Any ideas about what am I missing? 
 Please note that I have worked with caffe before and have some code running on the GPU which I intend
 to run using caffe2. I managed to add some of the missing operators(like unpooling) and could even
 successfully translate the model from caffe to caffe2 but I am stuck with this inference issue on the GPU.
 Sorry for being so verbose but I wanted to give all the information. Any help will be highly appreciated! :)
EvrenGursoy commented 6 years ago

Hi, you probably would have resolved this by now, but just in case you haven't I think the problem may be due to the ordering of your code.

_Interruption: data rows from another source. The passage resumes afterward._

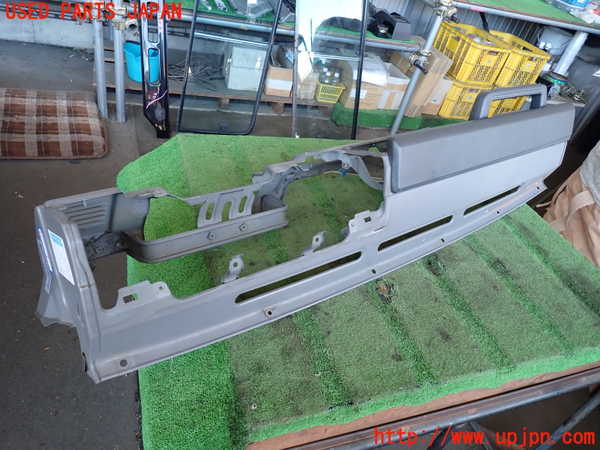 2UPJ-23157505]ランクル70系(BJ74V(改))ダッシュボード 中古_m0003.jpg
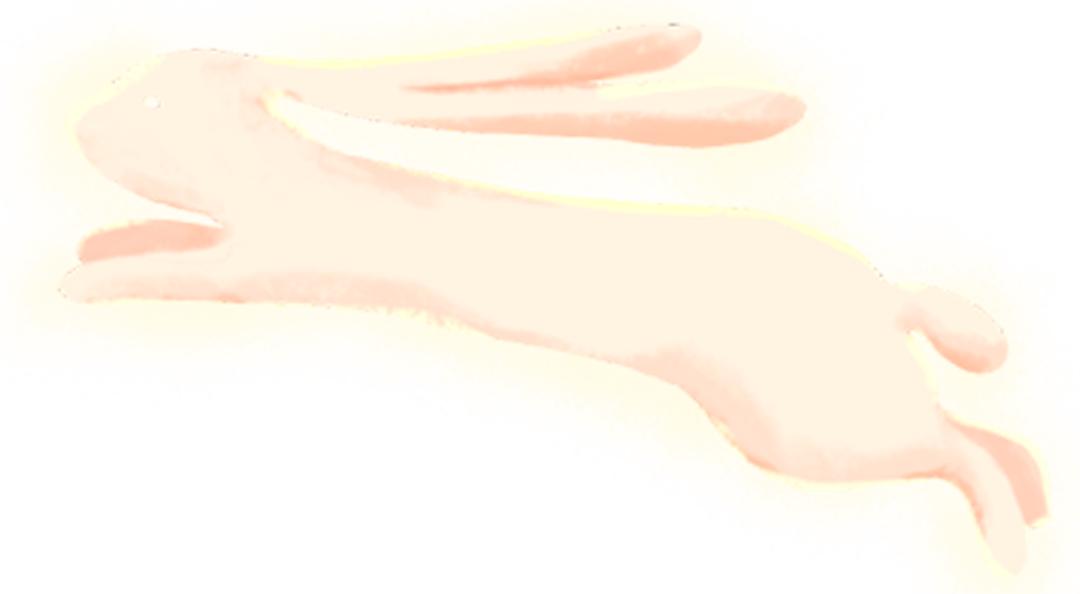 下雨天，一定要去黄石万达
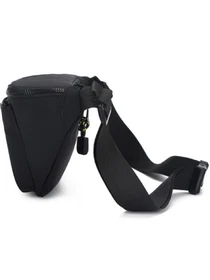 Сумки RoyalBag модель AT09-T-10866A Фото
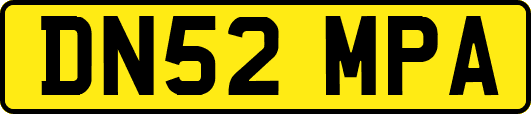 DN52MPA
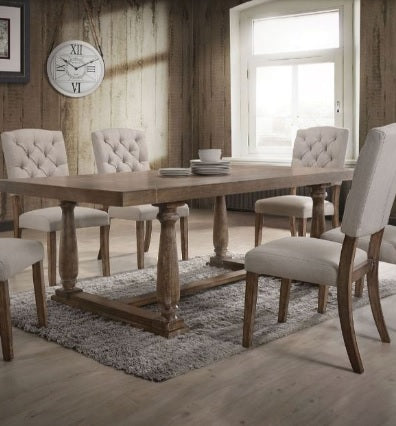 Mesa de Comedor Bernard-66185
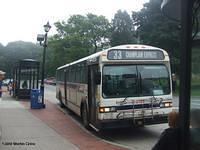 48136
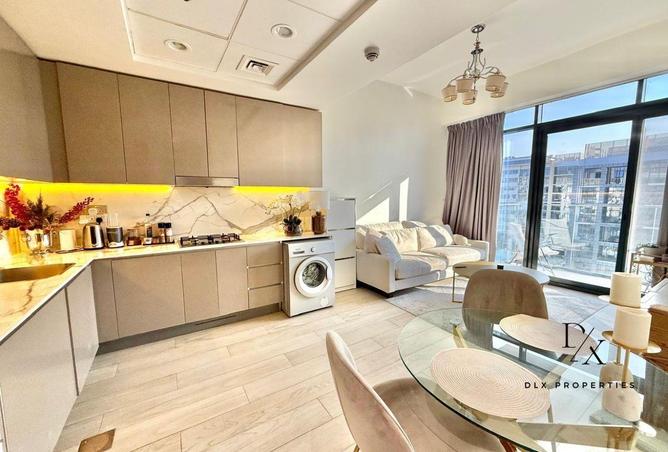 68689413 - الصورة الرئيسية للعقار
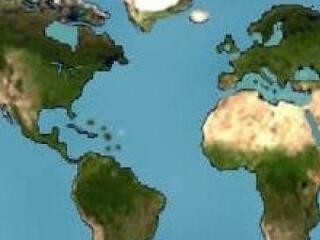 Irán és az USA fenyegeti a világot?
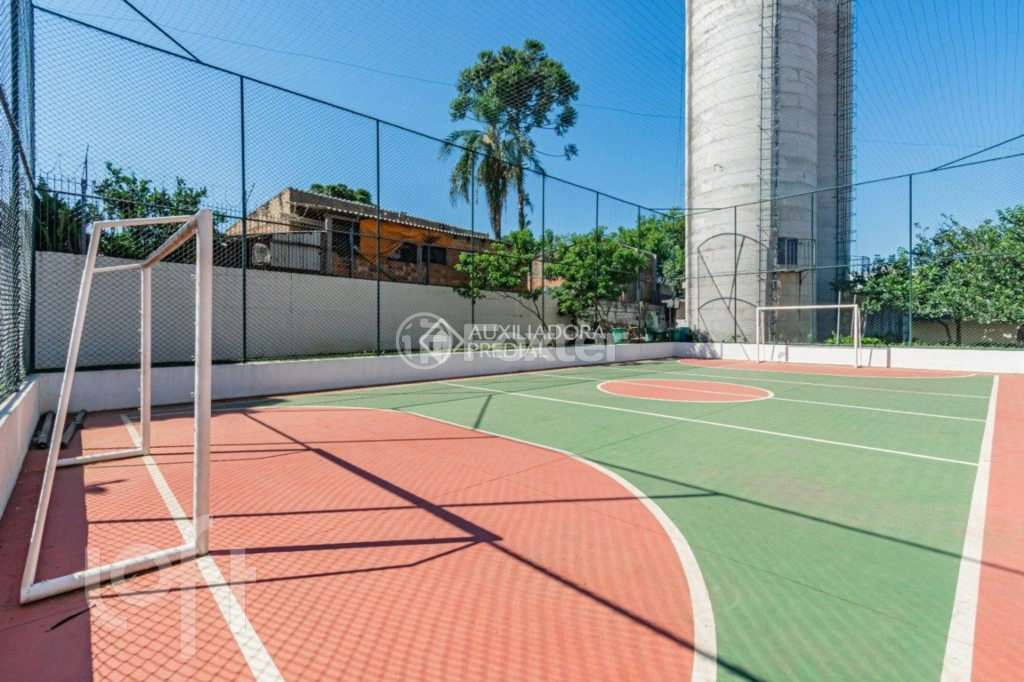 Casa de Condomínio à venda com 3 quartos, 107m² - Foto 31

The set_device_type(CUDA) statements should execute before the ReadProtoFromFile calls. It works for me without any issue if I structure the code as below.

// Load Squeezenet model
    NetDef init_net, predict_net;

#ifdef WITH_CUDA
init_net.mutable_device_option()->set_device_type(CUDA);
predict_net.mutable_device_option()->set_device_type(CUDA);
#else
init_net.mutable_device_option()->set_device_type(CPU);
predict_net.mutable_device_option()->set_device_type(CPU);
#endif

// >>> with open(path_to_INIT_NET) as f:
    CAFFE_ENFORCE(ReadProtoFromFile(FLAGS_init_net, &init_net));

    // >>> with open(path_to_PREDICT_NET) as f:
    CAFFE_ENFORCE(ReadProtoFromFile(FLAGS_predict_net, &predict_net));
    // >>> p = workspace.Predictor(init_net, predict_net)
soldatjiang commented 6 years ago

Have you solved this problem? If so, could you tell me the way to run GPU inference?